The first real evidence for the existence of atoms came only about a decade later.

Part F: Atoms are Discovered

This is a piece of magnesium metal. Magnesium is very flammable, but you need to heat it to a fairly high temperature before it starts to burn.
Once it does start burning though, it burns with a really hot white flame at a temperature of more than 3000°Celsius. The product of the chemical reaction is magnesium oxide, a white powder.
Though it might be interesting to observe, we can’t really get much information from an experiment like this. A lot of the magnesium oxide literally goes up in smoke as the magnesium burns, so if we weigh the left over magnesium oxide, it’s not going to tell us much.
In our last episode, we saw that if we heat magnesium slowly in a crucible and try to trap any of the smoke produced, we can confirm that the magnesium chemically reacts with the oxygen in the air and the white magnesium oxide powder produced is heavier than the original strip of magnesium.
Let’s look at the figures again: 0.184 grams of Magnesium combined with 0.117 grams of oxygen and turned into 0.301 grams of magnesium oxide.

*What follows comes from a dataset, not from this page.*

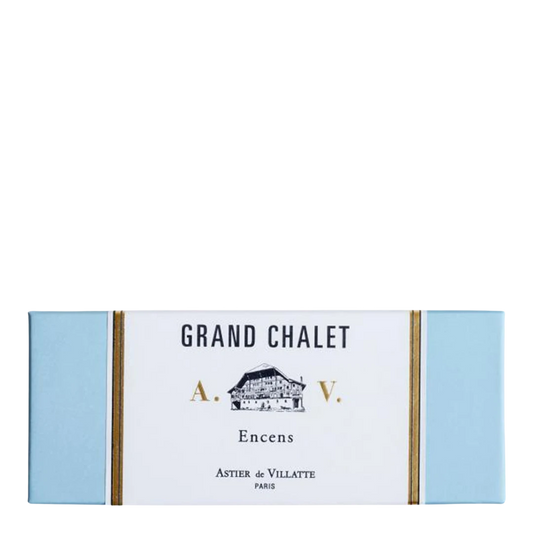 Astier de Villatte : Grand Chalet Incense, box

Last time we just looked at the fact that the Magnesium oxide is heavier than the original strip of Magnesium since the Magnesium chemically combined with oxygen from the air.
However, hese figures can tell us a lot about magnesium oxide itself.

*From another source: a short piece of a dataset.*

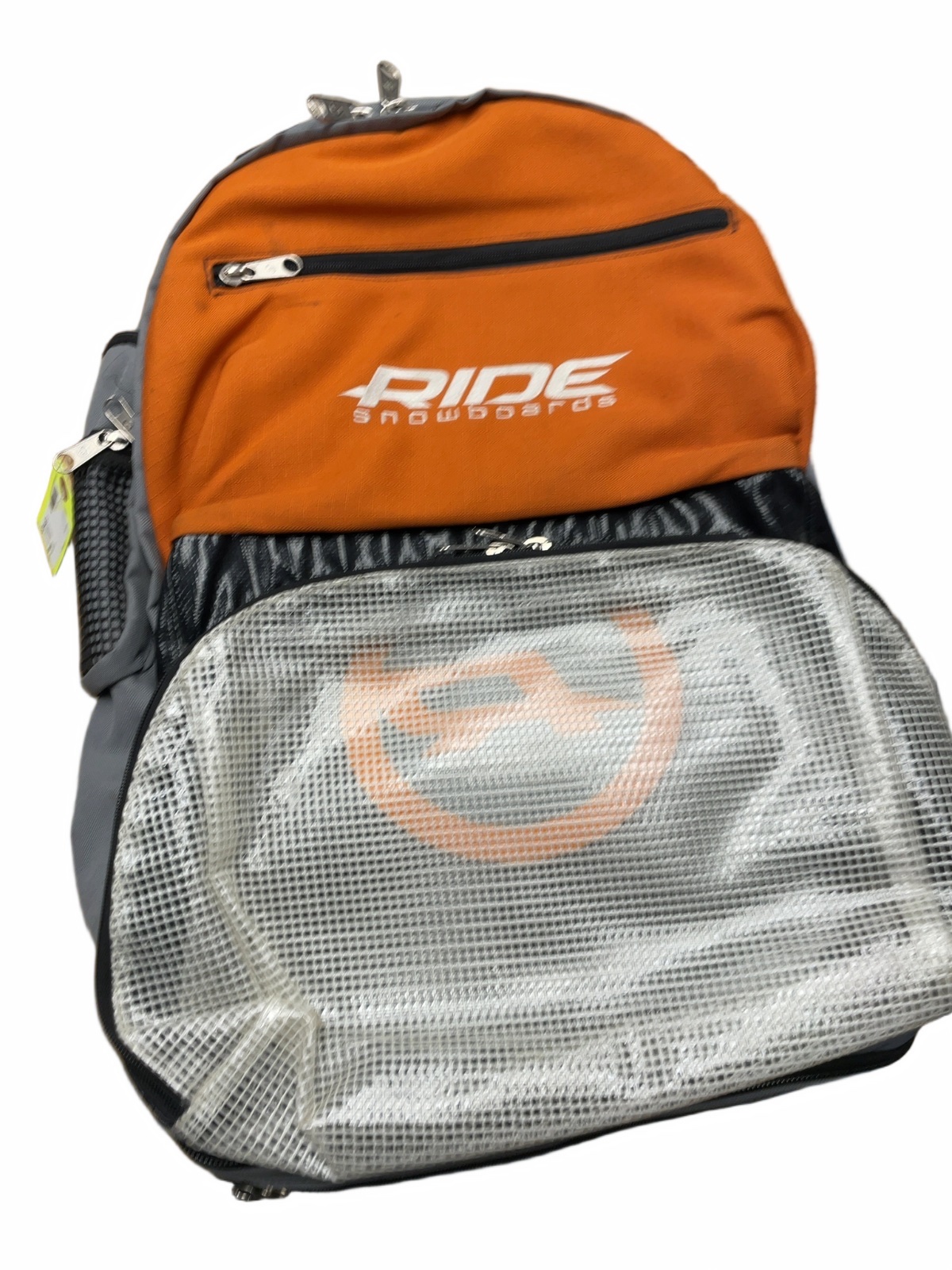 Ride Snowboards Backpack Orange/Grey - image 1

To analyse the figures though we have to do some maths for the next few minutes.
As a percentage, magnesium makes up 0.184g of the 0.301g of magnesium oxide which is about 61%, while oxygen makes up 0.117g of the 0.301g of magnesium oxide which is 39%.
In fact if I had done my experiment even more accurately, I should have found it to be 60.3% Magnesium and 39.7% Oxygen.
In the late 1790s and early 1800s, French Scientist Joseph Proust performed experiments on lots of different compounds and found that the proportion by weight of the elements that make them up was always the same.
If you do the same experiment as me with magnesium, anywhere in the world, you’ll get results much like mine: The magnesium oxide you produce should be about 40% oxygen and about 60% Magnesium.
This is zinc oxide. By weight, zinc oxide is always 80.3% Zinc and 19.7% oxygen.
If exactly 100 grams of zinc metal reacts with oxygen the mass of oxygen it reacts with will be exactly 24.47g and exactly 124.47 grams of zinc oxide will be produced.
The percentage of zinc in the zinc oxide is 100g/124.47g which is 80.3% while the percentage of oxygen in the zinc oxide is 24.47g over 124.47g which is 19.7%. This will always be the case.
Proust even found that there were two types of tin oxide, but each one still had a fixed proportion of tin and oxygen.
In the early 1800s English scientist John Dalton was analysing Proust’s results and also performing his own experiments and he came up with the reason for why compounds always showed fixed ratios of the weights of the elements that make them up.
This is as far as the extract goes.